__Instructions to follow__.
Begin at the line with "Photo of 411 Falcon Run" and output every line through the end of the records, exactly as given. Omit pictures.

__Records from a dataset__.
= Beginning of Section =
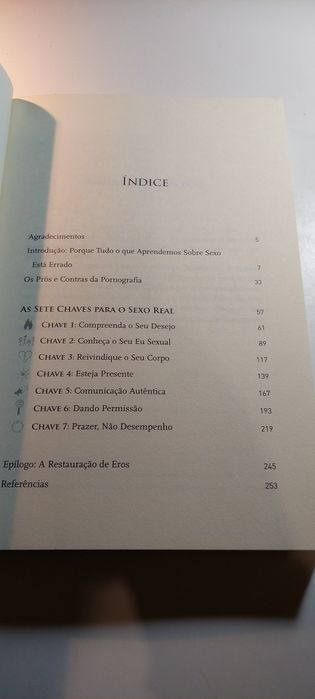 Sexo Real - Mike Lousada, Louise Mazanti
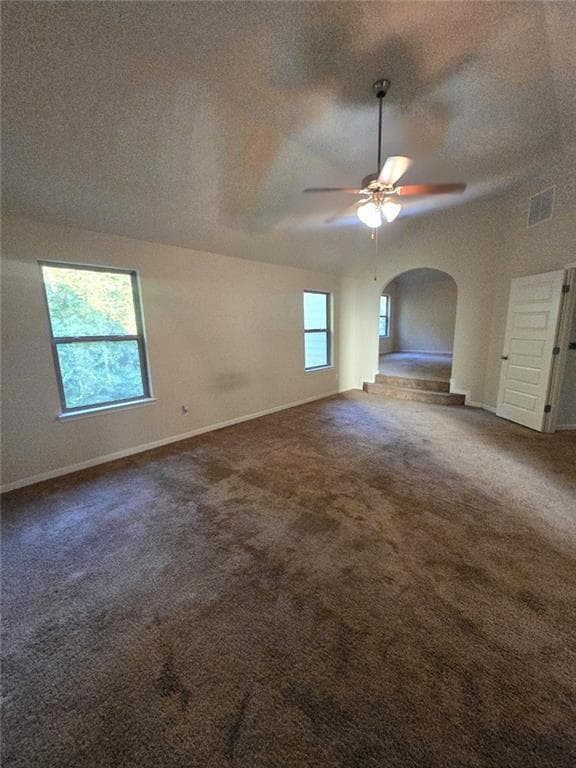5 bedroom, 4 bathroom, 3,198 sq ft single family residence for sale at 12254 Centerra Drive, Hampton, GA 30228 — photo 6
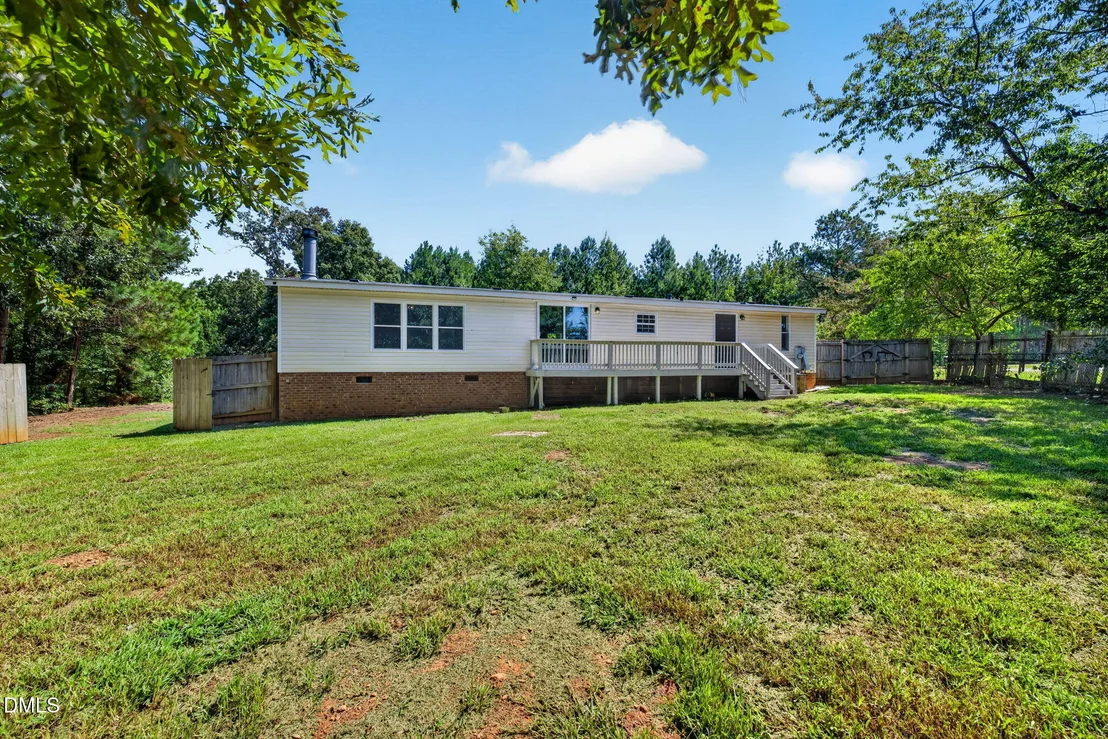 Photo of 411 Falcon Run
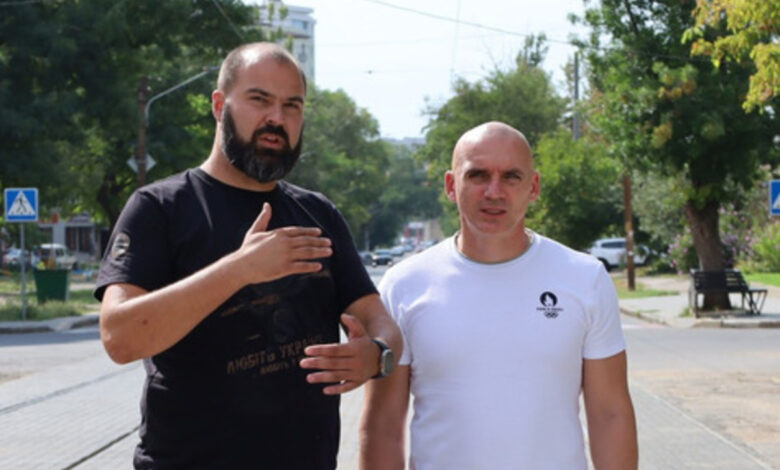 Ціни вдвічі вищі за прайс: що закупили підлеглі Сєнкевича з Миколаївелектротрансу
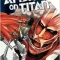 Shingeki No Kyojin Chap. 137 Bahasa Indonesia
= End of Section =
__Reply__.
 Photo of 411 Falcon Run
 Ціни вдвічі вищі за прайс: що закупили підлеглі Сєнкевича з Миколаївелектротрансу
 Shingeki No Kyojin Chap. 137 Bahasa Indonesia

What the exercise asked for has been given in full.